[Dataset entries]
%%
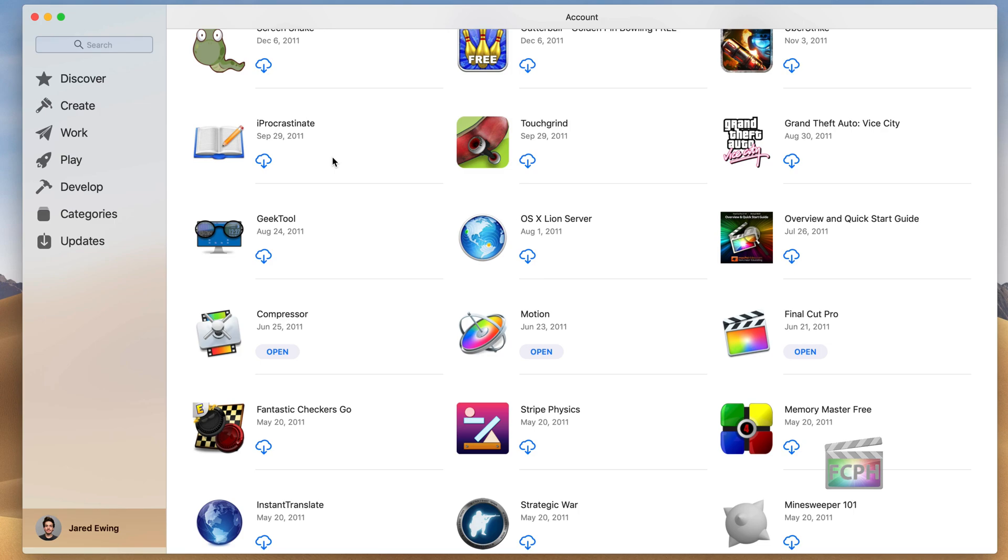You want to keep this information safe with you because if you are unable to sign into your account and gain access to it, you won't have access to those purchases anymore. And especially with Final Cut Pro, it's a $300 app.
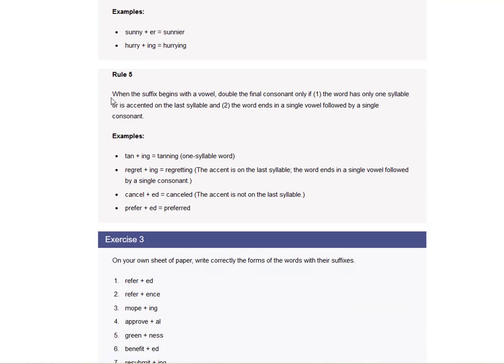When the suffix begins with a vowel, double the final consonant only if the word has only one syllable or is accented on the last syllable, and the word ends in a single vowel followed by a single consonant. Tanning. So here you have to double the N. Regretting. You double the T.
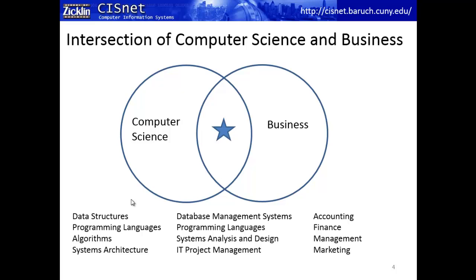Systems analysis and design is again squarely between technology and business: how do we take business requirements and translate them into technology requirements? And finally, IT project management — all of these business development efforts are done as projects, and an IT person needs to plan, schedule, monitor, and carry out an entire IT development project. Those topics shown in the middle of the screen are squarely in the intersection of these two worlds.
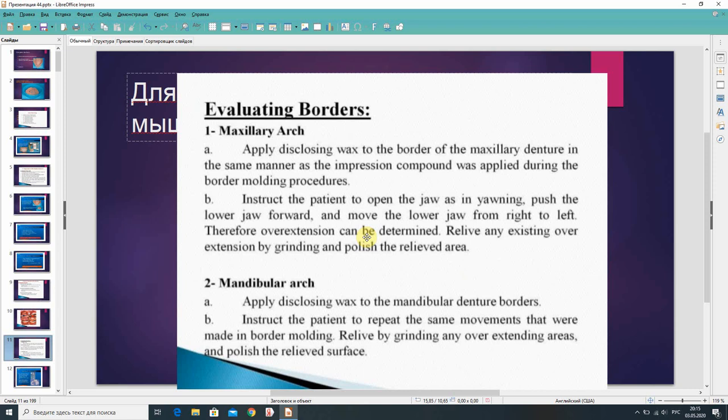Therefore, overextension can be determined. Relieve any existing overextension by grinding and polish the relief area. For the mandibular arch, apply disclosing wax to the mandibular denture borders. Instruct the patient to repeat the same movements that were made in border molding. Relieve by grinding any overextending areas and polish the relief surface.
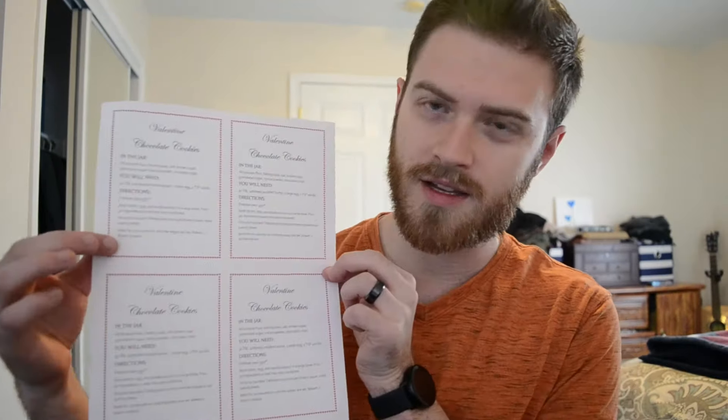What's up guys, today I'm going to show you how to print multiple copies on one sheet of paper, just like so—four copies on this paper. Now let's get started.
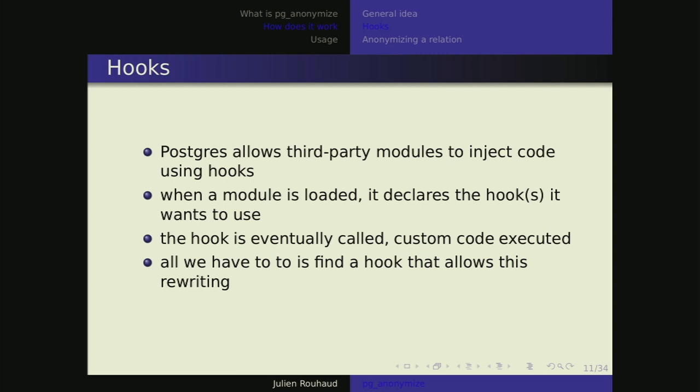To do that, we use what are called hooks in Postgres. Postgres allows any module to inject custom code at different points in the query workflow. When the module is loaded, it declares the list of hooks it wants to use. When you execute a query, the hook is eventually called, your custom code executes, and it can do whatever you want. The only way to do this rewrite is to find a hook that allows it.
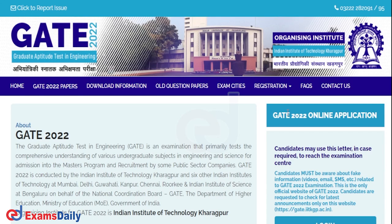Hello everyone, here's an important update regards GATE examination for 2022, which is Graduate Aptitude Test in Engineering. The exam has been conducted by the Indian Institute of Technology, IIT Kharagpur. The exam was conducted on 5, 6, 12, and 13 February 2022.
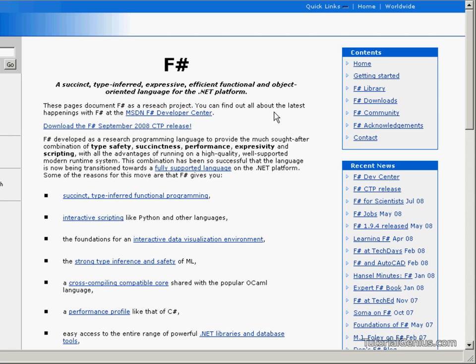In this course we're going to be looking at F-Sharp as a functional programming language, what F-Sharp has to offer for us, and various techniques on how F-Sharp differs from other programming languages like C-Sharp, VB, and C++.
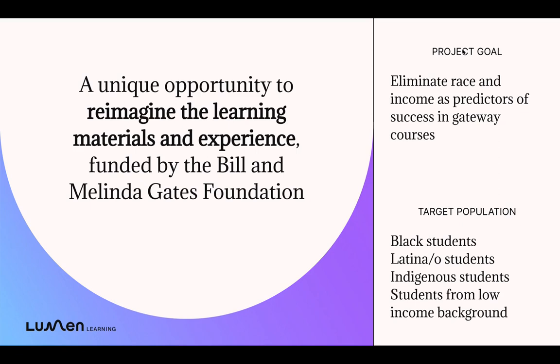Lumen Learning was invited by the Bill and Melinda Gates Foundation to redesign the courseware for Gateway courses with a goal to eliminate race and income as predictors of success in the courses.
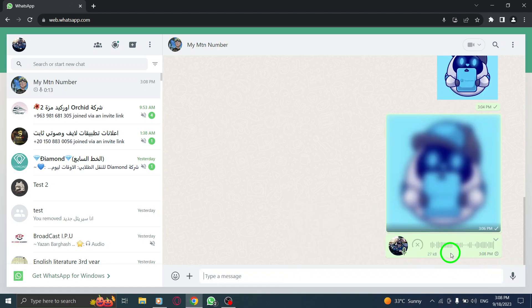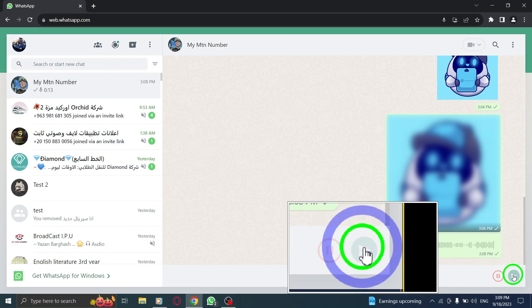Step 6. In case you change your mind and don't want to send the voice message, click on the garbage icon to delete it.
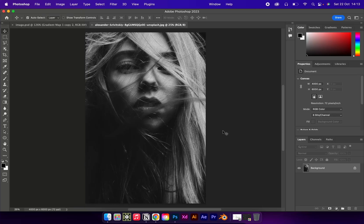Start by putting your image into Photoshop and unlocking the layer. Make sure your image has some nice dark areas and light areas, as this makes the effect work the best.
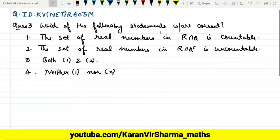Hi friends, welcome to my YouTube channel. In this video lecture we will discuss a question on real analysis which is based on countable and uncountable sets. The question is: which of the following statements is or are correct?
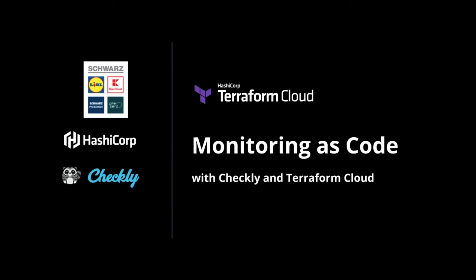Good morning, everybody, or good afternoon, or good evening, depending on the time zone. Welcome to today's webinar.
%%
**What you will do**
Nothing but an exact copy belongs in the answer: the lines from the top of the records through the line containing "What's up guys, today", minus the pictures.

**Answer below**
You want to keep this information safe with you because if you are unable to sign into your account and gain access to it, you won't have access to those purchases anymore. And especially with Final Cut Pro, it's a $300 app.
When the suffix begins with a vowel, double the final consonant only if the word has only one syllable or is accented on the last syllable, and the word ends in a single vowel followed by a single consonant. Tanning. So here you have to double the N. Regretting. You double the T.
Systems analysis and design is again squarely between technology and business: how do we take business requirements and translate them into technology requirements? And finally, IT project management — all of these business development efforts are done as projects, and an IT person needs to plan, schedule, monitor, and carry out an entire IT development project. Those topics shown in the middle of the screen are squarely in the intersection of these two worlds.
Therefore, overextension can be determined. Relieve any existing overextension by grinding and polish the relief area. For the mandibular arch, apply disclosing wax to the mandibular denture borders. Instruct the patient to repeat the same movements that were made in border molding. Relieve by grinding any overextending areas and polish the relief surface.
What's up guys, today I'm going to show you how to print multiple copies on one sheet of paper, just like so—four copies on this paper. Now let's get started.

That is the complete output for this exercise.